* **EXERCISE REQUIREMENTS**
Leaving the images out, output each entry below exactly.

Image-caption web data:
++++
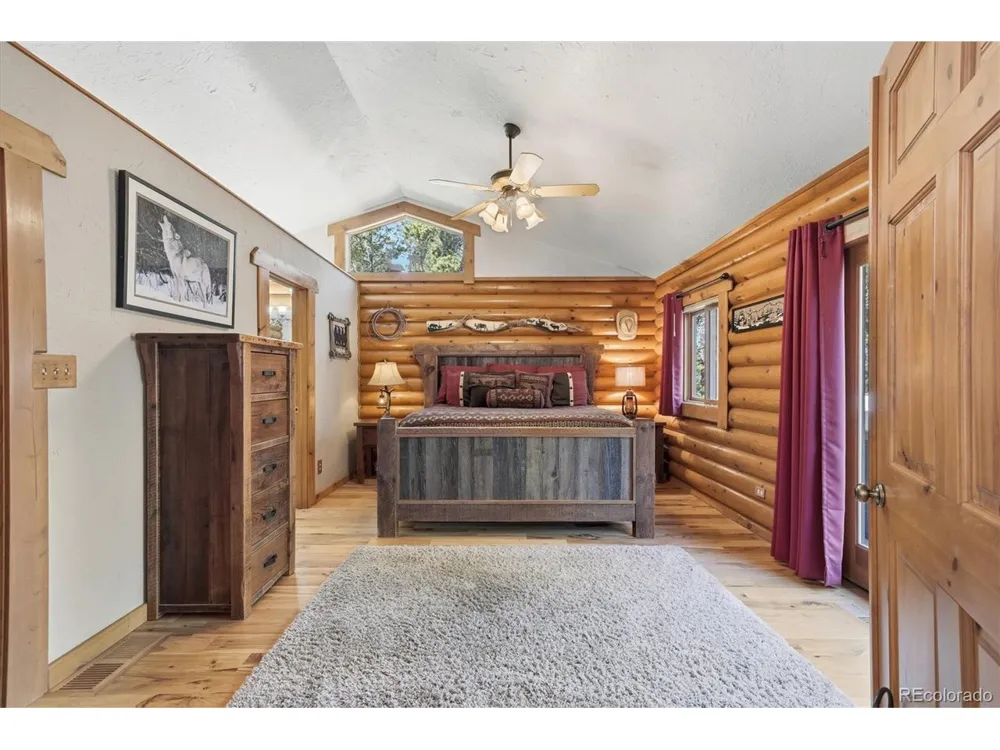 21466 Indian Springs Road Conifer, CO 80433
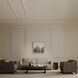 Vernon Grey Sofa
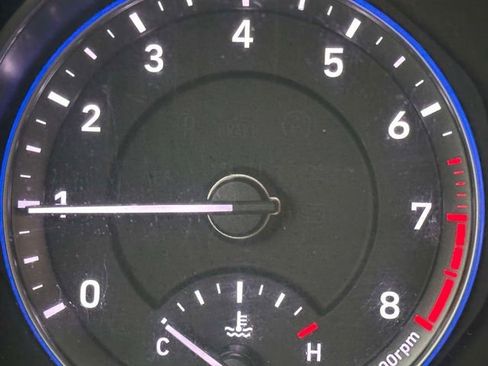 Used 2023 Hyundai Kona SEL image 26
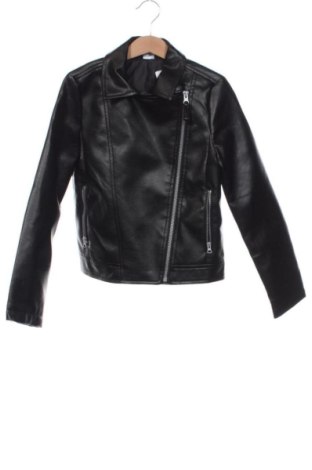 Detská bunda  Kids, Veľkosť 8-9y/ 134-140 cm, Farba Čierna, Cena  16,42 €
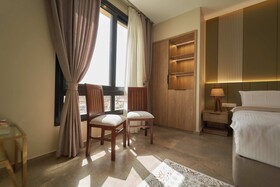 Pyramids Secret Hotel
++++
* **REPLY TO THE TASK**
 21466 Indian Springs Road Conifer, CO 80433
 Vernon Grey Sofa
 Used 2023 Hyundai Kona SEL image 26
 Detská bunda  Kids, Veľkosť 8-9y/ 134-140 cm, Farba Čierna, Cena  16,42 €
 Pyramids Secret Hotel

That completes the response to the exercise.